What the exercise asks.
An exact copy of all the data below is needed, without its pictures.

Given data.
──────

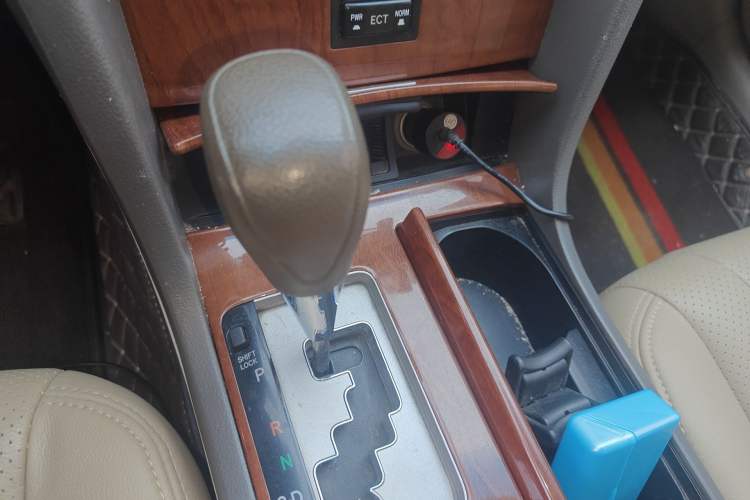 Used Toyota Camry 2013 200E Classic Elite Edition
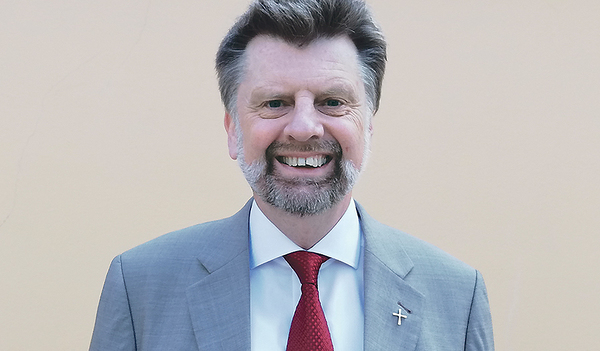 Karl Sperker ist Pfarrer in Sierning. 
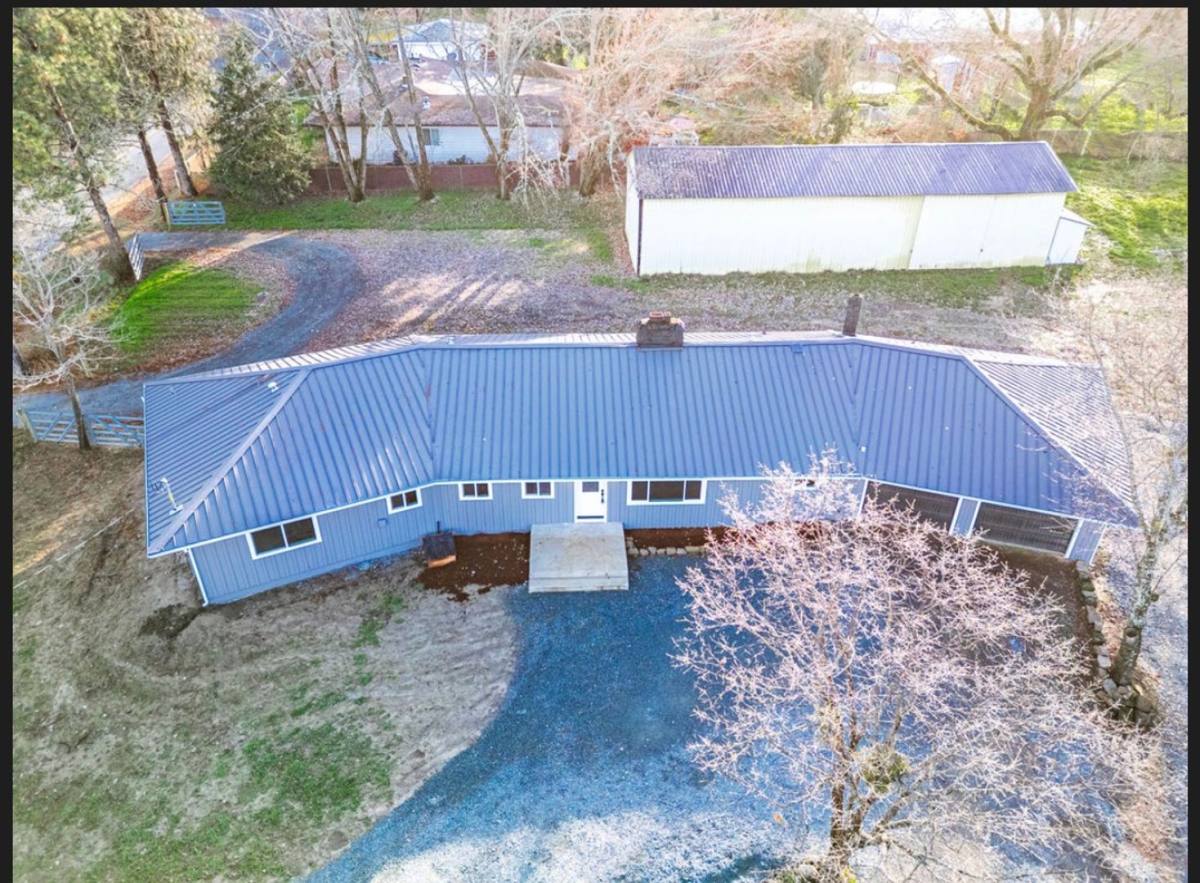 Apartment for rent at 6208 Dark Hollow Rd, Medford, OR 97501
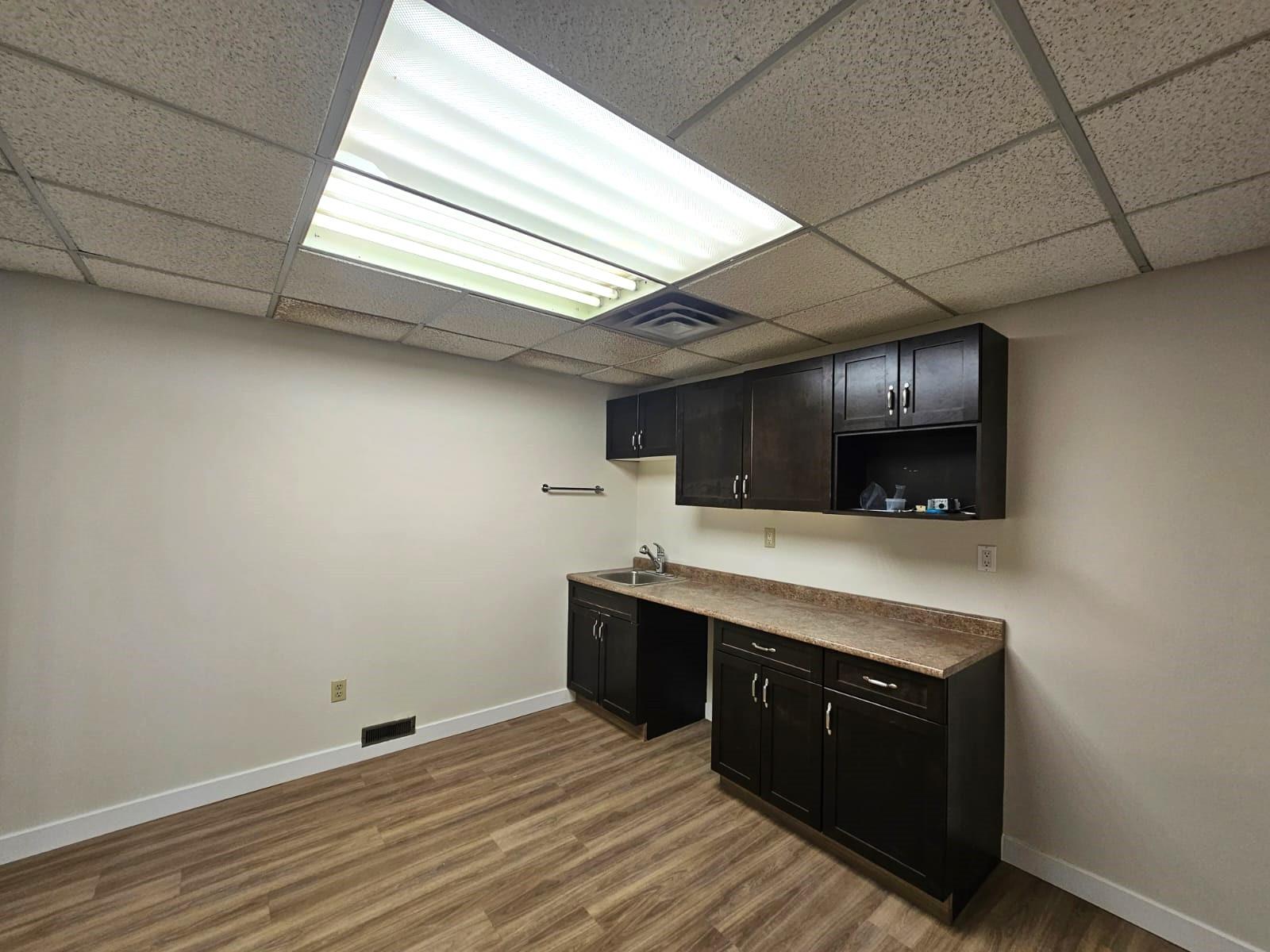 4904 56 Street Property Photo 11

──────

Output for this exercise.
 Used Toyota Camry 2013 200E Classic Elite Edition
 Karl Sperker ist Pfarrer in Sierning. 
 Apartment for rent at 6208 Dark Hollow Rd, Medford, OR 97501
 4904 56 Street Property Photo 11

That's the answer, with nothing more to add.